L’orientation du regard du lecteur par passe par une évolution du lien quotidien qu’entretien la figure héroïque dans les œuvres avec celle de l’animalité. Les narrateurs commencent par mettre en avant la présence jusque-là sous-estimée des animaux déjà présents dans notre quotidien. La narration d’événements relatant la défense de la faune s’accompagne ainsi d’une étude sur les limites de l’anthropocentrisme.

L’œuvre de Joël Baqué s’articule dans sa deuxième partie autour de l’intérêt qui pousse Louis à vouloir découvrir l’environnement naturel des manchots empereurs. Cette volonté de se renseigner sur l’oiseau puis de comprendre son mode de vie sur le terrain est clairement annoncée quand Louis se rend en médiathèque.

Ce passage marque le début d’une évolution dans la caractérisation du personnage : désormais il n’est plus un charcutier qui collectionne des animaux mais un être humain qui veut adopter le mode de vie des manchots empereurs.

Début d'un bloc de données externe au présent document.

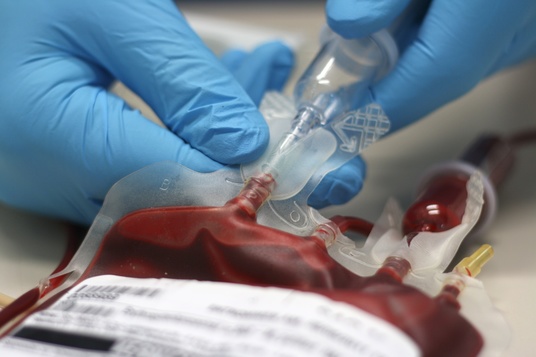 NYC Attorney Offers Insight on Blood Transfusion Mistakes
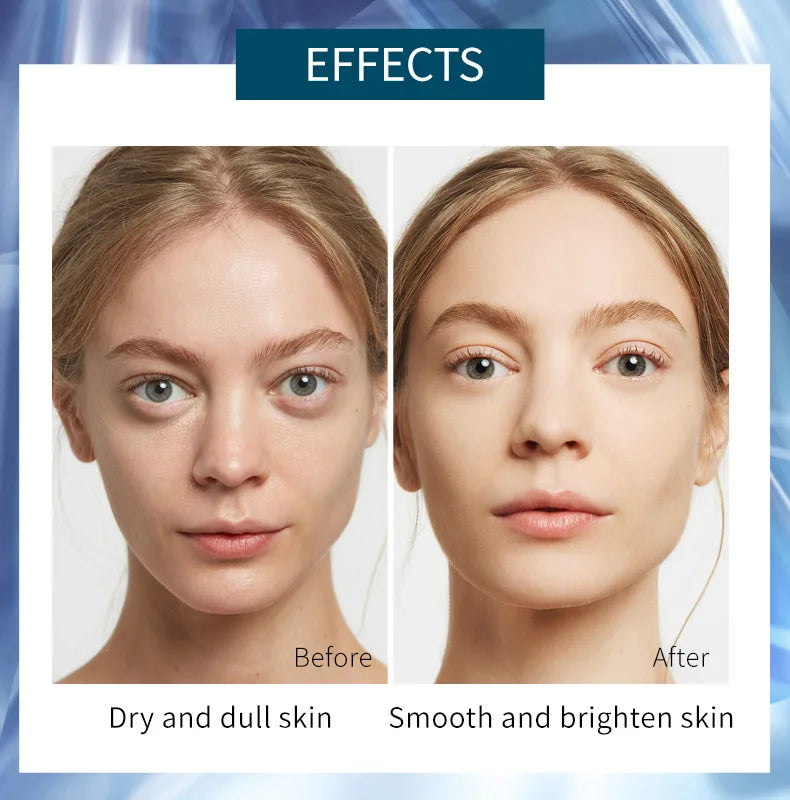 lowRest Mask Set™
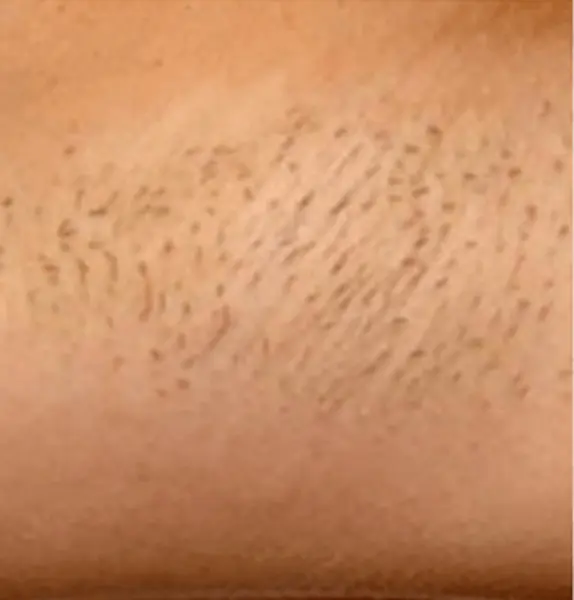 Hair-Removal-Before2-574x600.jpg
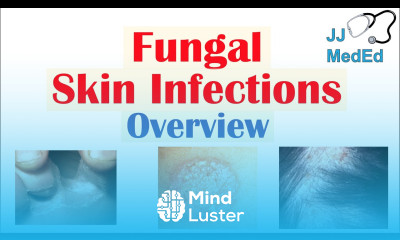 Overview of Fungal Skin Infections Tinea Infections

Ce rapport se fonde sur un respect détaillé précédemment mais qui se double ici d’une volonté de “rencontrer” les oiseaux. Le voyage en Antarctique organisé par Louis sert ce dessin[1] :

Après son réveil, ce téméraire séjour dans les cavernes du temps, Louis se sentit une âme d’explorateur. Le moment de passer à l’action était arrivé ! Après son premier expresso il fonça à la médiathèque pour préparer le long voyage qui le conduirait à la patrie du manchot empereur.

La volonté de Louis de rencontrer le manchot empereur témoigne d’une démarche documentaire proche de celle du reporter. Ce comportement curieux est à même de pousser le lecteur à adopter un schéma de pensée similaire. En effet le lecteur, dans sa recherche d’authenticité va s’interroger sur l’environnement qui l’entoure.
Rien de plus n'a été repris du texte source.